In the entries below, the lines from the one with "Women Seamless Knit" through the one with "Mardi Gras Piano" are to be copied exactly; both ends count.
------------------------------------------------
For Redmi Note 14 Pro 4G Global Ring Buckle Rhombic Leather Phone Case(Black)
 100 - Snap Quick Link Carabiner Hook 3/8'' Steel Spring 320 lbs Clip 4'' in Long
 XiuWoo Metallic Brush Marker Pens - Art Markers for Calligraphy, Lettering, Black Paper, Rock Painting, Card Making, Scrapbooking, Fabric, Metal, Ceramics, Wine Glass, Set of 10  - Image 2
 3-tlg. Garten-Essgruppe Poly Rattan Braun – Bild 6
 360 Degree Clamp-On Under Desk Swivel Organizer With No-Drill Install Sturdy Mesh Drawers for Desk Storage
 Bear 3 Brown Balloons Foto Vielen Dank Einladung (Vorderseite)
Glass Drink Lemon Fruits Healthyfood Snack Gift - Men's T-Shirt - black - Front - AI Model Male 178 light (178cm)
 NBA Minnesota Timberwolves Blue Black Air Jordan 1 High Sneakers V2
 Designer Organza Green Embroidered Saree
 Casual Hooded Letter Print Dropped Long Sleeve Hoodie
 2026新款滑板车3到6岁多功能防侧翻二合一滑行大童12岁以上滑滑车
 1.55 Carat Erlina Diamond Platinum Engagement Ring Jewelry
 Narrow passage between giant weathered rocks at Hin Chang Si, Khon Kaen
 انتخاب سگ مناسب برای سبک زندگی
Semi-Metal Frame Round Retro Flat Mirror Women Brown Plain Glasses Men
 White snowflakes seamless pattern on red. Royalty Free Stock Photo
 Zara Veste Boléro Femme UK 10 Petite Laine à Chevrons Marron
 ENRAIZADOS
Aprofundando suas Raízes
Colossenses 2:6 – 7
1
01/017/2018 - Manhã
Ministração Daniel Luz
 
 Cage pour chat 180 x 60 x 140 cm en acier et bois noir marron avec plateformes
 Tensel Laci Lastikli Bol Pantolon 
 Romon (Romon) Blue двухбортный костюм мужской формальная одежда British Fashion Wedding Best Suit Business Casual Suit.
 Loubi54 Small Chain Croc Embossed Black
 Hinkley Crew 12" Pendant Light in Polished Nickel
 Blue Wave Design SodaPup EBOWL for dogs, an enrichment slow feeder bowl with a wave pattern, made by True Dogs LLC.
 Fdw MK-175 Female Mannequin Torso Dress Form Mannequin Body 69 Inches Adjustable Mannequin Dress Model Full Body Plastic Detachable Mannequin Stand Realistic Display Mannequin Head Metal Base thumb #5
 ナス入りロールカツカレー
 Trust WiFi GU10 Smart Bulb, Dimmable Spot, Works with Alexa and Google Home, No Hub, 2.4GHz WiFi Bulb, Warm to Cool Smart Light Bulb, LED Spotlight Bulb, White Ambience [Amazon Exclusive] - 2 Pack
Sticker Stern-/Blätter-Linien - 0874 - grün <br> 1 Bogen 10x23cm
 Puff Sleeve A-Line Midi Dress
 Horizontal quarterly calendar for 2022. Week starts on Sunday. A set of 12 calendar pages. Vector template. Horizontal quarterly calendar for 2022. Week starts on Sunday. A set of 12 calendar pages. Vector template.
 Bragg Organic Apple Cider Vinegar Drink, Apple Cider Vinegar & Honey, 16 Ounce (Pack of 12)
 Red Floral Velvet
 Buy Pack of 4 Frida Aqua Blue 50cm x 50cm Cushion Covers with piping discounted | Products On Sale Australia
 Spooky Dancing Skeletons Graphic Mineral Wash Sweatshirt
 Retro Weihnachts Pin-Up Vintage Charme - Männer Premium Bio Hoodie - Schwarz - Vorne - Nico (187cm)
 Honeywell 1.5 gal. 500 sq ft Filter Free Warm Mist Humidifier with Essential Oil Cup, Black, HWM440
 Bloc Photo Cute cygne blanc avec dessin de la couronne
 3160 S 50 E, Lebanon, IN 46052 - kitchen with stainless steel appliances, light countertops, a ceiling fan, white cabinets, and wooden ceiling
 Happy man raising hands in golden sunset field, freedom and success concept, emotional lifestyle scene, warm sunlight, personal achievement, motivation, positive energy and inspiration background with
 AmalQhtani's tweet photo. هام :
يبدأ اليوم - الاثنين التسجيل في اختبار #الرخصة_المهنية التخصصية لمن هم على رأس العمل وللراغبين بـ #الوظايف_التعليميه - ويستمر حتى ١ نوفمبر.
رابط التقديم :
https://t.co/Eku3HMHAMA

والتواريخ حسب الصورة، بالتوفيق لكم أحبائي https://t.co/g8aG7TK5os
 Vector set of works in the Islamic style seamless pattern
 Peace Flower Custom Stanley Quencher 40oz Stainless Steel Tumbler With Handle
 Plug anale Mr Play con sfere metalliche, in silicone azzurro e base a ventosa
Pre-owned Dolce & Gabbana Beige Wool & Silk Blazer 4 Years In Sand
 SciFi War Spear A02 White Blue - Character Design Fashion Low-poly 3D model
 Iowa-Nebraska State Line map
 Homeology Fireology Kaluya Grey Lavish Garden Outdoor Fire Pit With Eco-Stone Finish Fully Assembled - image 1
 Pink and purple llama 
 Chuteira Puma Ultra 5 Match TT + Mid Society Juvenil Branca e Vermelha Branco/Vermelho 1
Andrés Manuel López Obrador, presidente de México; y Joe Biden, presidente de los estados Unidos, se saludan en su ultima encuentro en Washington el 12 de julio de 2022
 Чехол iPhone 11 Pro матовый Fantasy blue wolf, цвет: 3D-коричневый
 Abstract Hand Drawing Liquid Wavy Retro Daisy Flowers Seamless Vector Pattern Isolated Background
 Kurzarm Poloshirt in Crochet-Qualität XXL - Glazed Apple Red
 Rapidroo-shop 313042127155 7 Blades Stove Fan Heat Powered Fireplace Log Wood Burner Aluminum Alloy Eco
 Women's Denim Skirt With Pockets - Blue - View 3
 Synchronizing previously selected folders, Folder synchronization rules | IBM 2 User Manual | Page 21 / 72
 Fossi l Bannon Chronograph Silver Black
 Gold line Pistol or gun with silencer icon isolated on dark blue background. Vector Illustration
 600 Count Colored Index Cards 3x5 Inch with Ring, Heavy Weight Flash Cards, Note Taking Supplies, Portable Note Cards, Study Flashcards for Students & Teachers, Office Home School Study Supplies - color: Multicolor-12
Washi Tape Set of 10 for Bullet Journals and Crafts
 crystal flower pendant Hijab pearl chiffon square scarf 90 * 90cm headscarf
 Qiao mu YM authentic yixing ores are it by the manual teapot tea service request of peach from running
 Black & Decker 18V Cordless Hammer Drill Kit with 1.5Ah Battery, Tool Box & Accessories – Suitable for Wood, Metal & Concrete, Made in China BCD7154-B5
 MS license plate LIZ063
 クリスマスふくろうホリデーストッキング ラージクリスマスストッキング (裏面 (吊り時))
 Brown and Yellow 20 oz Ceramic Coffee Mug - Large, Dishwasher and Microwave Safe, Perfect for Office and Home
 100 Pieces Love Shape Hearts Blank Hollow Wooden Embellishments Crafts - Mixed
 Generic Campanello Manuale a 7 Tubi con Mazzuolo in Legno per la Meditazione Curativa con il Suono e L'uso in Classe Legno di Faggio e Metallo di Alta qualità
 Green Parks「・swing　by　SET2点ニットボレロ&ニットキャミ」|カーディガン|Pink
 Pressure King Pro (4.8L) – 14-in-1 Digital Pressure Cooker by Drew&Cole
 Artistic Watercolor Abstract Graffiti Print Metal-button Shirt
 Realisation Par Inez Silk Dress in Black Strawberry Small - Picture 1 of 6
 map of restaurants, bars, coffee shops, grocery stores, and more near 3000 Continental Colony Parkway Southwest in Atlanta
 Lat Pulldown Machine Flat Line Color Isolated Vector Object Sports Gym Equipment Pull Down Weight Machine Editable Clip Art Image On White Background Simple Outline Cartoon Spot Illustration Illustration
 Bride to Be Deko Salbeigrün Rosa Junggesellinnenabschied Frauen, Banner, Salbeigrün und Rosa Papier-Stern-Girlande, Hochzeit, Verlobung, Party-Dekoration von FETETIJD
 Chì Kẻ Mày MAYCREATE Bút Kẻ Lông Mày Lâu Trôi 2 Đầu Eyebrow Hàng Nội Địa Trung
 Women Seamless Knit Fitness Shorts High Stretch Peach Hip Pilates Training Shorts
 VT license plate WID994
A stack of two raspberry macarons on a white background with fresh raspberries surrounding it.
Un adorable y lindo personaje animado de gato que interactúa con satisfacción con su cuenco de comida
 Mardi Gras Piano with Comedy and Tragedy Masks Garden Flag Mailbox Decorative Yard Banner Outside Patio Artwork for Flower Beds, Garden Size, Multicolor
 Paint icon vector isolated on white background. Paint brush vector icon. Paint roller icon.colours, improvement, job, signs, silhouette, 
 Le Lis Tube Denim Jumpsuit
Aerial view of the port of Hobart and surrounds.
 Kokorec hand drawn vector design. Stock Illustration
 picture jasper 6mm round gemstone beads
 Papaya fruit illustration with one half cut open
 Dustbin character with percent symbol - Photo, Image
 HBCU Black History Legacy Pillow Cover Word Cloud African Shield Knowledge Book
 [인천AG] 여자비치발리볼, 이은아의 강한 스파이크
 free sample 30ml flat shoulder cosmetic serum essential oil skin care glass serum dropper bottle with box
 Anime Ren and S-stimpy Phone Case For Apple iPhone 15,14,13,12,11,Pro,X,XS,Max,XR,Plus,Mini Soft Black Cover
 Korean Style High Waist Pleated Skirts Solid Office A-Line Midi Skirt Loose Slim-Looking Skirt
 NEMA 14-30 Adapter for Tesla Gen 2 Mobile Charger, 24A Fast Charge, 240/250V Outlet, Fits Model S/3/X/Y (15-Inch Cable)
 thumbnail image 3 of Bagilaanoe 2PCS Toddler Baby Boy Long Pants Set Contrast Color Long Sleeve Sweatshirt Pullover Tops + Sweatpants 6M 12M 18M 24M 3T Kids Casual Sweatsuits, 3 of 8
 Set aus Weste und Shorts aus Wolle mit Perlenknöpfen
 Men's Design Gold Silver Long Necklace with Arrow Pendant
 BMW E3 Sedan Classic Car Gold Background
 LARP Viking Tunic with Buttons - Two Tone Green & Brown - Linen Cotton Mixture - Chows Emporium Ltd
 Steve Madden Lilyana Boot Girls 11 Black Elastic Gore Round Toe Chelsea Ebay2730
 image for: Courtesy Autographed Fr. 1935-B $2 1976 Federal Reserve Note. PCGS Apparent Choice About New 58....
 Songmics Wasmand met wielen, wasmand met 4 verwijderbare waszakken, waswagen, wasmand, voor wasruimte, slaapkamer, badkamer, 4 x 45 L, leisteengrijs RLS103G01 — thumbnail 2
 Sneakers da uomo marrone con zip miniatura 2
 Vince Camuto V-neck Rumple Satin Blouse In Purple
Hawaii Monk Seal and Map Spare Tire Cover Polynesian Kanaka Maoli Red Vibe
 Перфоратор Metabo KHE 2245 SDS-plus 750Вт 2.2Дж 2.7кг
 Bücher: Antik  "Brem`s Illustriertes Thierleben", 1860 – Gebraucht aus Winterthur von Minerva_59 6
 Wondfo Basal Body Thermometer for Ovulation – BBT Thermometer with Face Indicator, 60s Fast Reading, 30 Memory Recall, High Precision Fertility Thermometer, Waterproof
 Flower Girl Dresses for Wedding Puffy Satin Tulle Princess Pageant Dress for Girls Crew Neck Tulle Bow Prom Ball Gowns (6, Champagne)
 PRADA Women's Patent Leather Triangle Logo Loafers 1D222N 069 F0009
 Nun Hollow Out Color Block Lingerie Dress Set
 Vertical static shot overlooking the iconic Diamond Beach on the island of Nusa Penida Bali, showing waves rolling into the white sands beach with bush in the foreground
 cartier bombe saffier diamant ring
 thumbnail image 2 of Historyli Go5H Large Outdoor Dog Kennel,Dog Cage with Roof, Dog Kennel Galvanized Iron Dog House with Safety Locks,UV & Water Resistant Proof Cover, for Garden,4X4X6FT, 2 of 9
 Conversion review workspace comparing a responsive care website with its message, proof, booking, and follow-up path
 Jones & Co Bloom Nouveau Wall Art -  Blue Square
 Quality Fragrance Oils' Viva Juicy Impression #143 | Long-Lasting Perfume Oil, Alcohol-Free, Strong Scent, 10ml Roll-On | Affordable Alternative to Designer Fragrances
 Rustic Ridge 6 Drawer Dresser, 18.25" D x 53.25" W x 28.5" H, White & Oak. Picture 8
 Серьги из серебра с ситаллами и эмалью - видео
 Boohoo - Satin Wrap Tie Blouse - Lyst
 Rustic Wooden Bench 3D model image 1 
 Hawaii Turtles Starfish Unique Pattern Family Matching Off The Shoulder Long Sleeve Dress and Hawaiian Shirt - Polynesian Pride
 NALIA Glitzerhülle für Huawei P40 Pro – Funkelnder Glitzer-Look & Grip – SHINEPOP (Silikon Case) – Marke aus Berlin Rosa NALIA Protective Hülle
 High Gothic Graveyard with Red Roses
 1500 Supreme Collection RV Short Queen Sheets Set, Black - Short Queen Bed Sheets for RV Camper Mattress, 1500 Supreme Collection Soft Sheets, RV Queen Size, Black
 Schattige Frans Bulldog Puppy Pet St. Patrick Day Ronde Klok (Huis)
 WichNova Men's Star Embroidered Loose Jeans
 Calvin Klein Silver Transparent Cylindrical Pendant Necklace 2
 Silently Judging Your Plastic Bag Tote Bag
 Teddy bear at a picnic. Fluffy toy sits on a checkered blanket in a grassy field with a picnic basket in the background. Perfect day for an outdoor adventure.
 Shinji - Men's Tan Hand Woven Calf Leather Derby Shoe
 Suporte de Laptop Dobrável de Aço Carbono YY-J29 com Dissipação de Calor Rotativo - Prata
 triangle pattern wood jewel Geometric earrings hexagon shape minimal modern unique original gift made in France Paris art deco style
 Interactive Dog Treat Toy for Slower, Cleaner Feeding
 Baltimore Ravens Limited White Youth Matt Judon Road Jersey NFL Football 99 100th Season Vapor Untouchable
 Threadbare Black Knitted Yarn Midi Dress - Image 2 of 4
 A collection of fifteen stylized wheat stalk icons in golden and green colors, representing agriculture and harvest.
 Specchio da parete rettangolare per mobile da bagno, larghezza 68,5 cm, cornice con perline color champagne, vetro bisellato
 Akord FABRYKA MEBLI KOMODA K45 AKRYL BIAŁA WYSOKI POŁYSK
------------------------------------------------
== OUTPUT ==
 Women Seamless Knit Fitness Shorts High Stretch Peach Hip Pilates Training Shorts
 VT license plate WID994
A stack of two raspberry macarons on a white background with fresh raspberries surrounding it.
Un adorable y lindo personaje animado de gato que interactúa con satisfacción con su cuenco de comida
 Mardi Gras Piano with Comedy and Tragedy Masks Garden Flag Mailbox Decorative Yard Banner Outside Patio Artwork for Flower Beds, Garden Size, Multicolor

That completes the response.